What you have to do ▸
Leave out the pictures, and copy exactly the lines from the line with "Size 0 (XS/Small)" through the last line of the data below.

Data ▸
————————

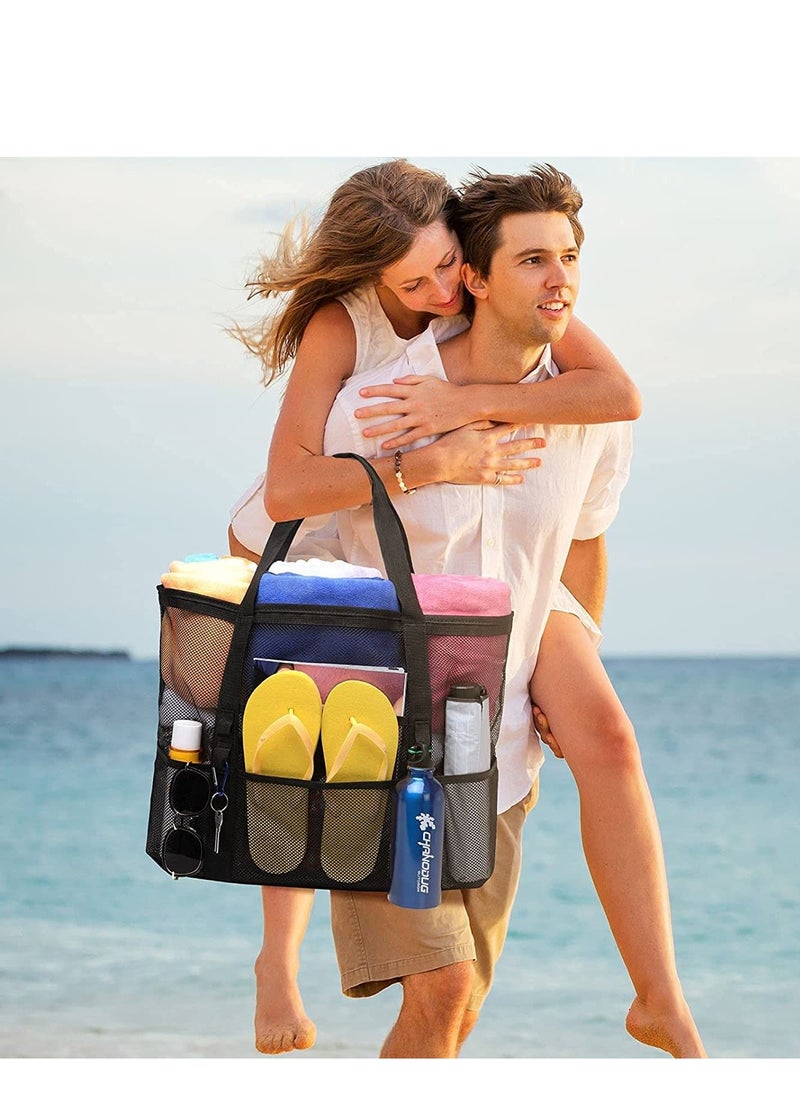 Excefore - Beach Bag, Extra Large Bag for Women Travel, Mesh Tote Toys, Towel, flip flops, Black - Image 1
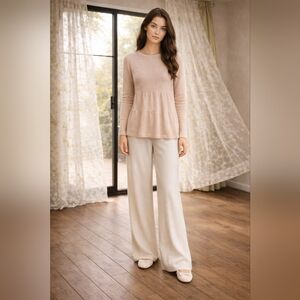 ba&sh Paris “Adissa” Wool-Cashmere Peplum Sweater – Size 0 (XS/Small)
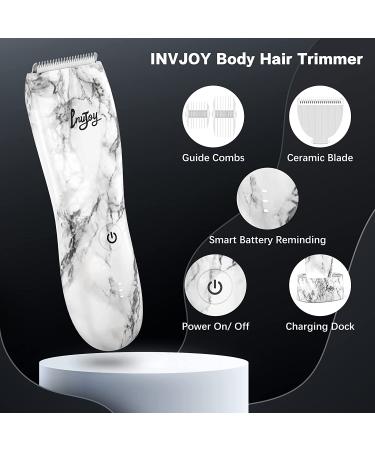 INVJOY Waterproof Body Hair Trimmer for Men - Electric Pubic Hair Shaver & Groomer with Replacement Blade - Marble Pattern White - Buy Online on SooperMarket.com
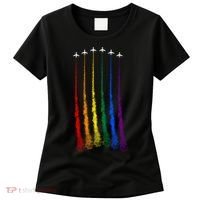 Plane Pride Flag Rainbow LGBT LGBTQ Pride Month Pride Ally Women's T-Shirt thumb 0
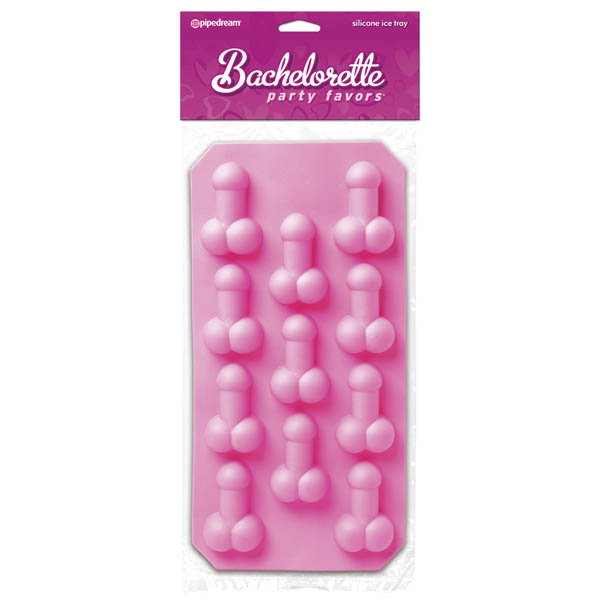 Pink silicone novelty ice tray with penis-shaped moulds by Pipedream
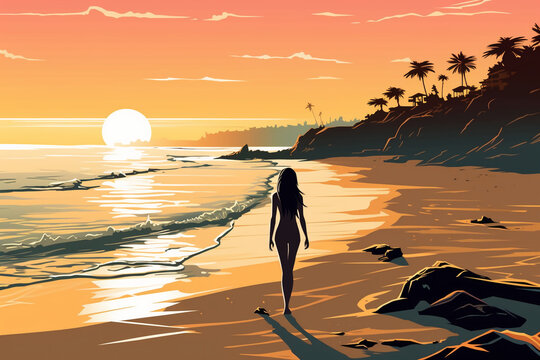 Girl on beach vector. AI generative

————————

Answer box ▸
 ba&sh Paris “Adissa” Wool-Cashmere Peplum Sweater – Size 0 (XS/Small)
 INVJOY Waterproof Body Hair Trimmer for Men - Electric Pubic Hair Shaver & Groomer with Replacement Blade - Marble Pattern White - Buy Online on SooperMarket.com
 Plane Pride Flag Rainbow LGBT LGBTQ Pride Month Pride Ally Women's T-Shirt thumb 0
 Pink silicone novelty ice tray with penis-shaped moulds by Pipedream
 Girl on beach vector. AI generative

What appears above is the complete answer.